Data items:
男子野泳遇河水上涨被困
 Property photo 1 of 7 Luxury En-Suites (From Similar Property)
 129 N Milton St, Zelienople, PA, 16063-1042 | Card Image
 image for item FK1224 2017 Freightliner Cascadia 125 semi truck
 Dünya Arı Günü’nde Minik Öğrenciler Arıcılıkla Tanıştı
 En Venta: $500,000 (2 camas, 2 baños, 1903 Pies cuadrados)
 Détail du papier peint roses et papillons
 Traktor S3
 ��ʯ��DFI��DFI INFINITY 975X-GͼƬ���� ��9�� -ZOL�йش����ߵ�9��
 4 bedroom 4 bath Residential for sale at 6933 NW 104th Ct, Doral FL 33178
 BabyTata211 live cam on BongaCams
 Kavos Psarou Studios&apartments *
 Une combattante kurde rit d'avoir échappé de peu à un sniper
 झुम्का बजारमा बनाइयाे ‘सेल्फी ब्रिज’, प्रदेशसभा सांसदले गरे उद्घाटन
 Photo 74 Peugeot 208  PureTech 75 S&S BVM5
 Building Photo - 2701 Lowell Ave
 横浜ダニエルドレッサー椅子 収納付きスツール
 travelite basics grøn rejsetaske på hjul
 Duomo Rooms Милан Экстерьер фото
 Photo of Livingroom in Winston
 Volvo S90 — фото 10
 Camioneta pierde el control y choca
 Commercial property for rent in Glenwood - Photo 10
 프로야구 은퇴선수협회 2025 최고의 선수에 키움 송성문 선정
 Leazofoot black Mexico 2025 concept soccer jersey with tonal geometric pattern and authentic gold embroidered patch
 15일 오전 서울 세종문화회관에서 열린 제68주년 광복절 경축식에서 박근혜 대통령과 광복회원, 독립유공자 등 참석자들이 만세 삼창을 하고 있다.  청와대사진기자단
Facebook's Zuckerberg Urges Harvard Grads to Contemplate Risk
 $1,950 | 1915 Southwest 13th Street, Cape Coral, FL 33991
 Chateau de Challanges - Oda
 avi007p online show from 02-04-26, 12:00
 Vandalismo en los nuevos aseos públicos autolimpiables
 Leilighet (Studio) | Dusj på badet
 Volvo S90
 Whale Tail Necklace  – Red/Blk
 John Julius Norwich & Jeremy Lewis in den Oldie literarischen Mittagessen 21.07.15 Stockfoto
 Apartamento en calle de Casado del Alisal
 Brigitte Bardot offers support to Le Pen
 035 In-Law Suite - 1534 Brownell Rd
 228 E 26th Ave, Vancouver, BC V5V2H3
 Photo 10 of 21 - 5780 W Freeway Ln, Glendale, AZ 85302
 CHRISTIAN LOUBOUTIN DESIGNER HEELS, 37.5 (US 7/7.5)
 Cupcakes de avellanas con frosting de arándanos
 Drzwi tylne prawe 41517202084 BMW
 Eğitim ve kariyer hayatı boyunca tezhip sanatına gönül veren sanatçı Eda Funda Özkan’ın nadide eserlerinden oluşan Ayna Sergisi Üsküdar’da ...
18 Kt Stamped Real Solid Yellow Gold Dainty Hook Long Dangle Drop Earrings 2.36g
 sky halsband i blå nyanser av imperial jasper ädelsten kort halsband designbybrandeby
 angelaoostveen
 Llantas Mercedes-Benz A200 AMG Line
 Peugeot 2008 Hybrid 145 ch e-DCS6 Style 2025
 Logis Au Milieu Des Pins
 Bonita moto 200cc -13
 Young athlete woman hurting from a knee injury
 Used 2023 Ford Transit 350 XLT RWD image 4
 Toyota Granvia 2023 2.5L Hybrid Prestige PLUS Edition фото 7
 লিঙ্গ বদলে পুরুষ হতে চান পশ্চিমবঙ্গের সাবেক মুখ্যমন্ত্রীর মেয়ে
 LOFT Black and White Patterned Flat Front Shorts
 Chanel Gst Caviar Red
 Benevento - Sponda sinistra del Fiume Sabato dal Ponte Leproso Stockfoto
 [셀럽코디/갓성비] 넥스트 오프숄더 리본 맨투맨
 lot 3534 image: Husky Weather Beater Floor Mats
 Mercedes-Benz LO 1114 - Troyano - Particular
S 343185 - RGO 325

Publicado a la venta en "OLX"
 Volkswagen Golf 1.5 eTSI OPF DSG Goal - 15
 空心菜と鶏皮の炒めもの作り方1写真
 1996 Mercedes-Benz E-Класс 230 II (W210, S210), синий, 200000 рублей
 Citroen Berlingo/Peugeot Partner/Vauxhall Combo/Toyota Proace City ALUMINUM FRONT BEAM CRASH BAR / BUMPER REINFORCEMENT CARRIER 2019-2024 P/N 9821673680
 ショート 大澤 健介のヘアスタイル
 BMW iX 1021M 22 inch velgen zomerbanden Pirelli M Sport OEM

▸ **THE PROBLEM**
From the entries above, pull out each line that includes "Benz".

▸ **ANSWER TO THE EXERCISE**
 Llantas Mercedes-Benz A200 AMG Line
 Mercedes-Benz LO 1114 - Troyano - Particular
 1996 Mercedes-Benz E-Класс 230 II (W210, S210), синий, 200000 рублей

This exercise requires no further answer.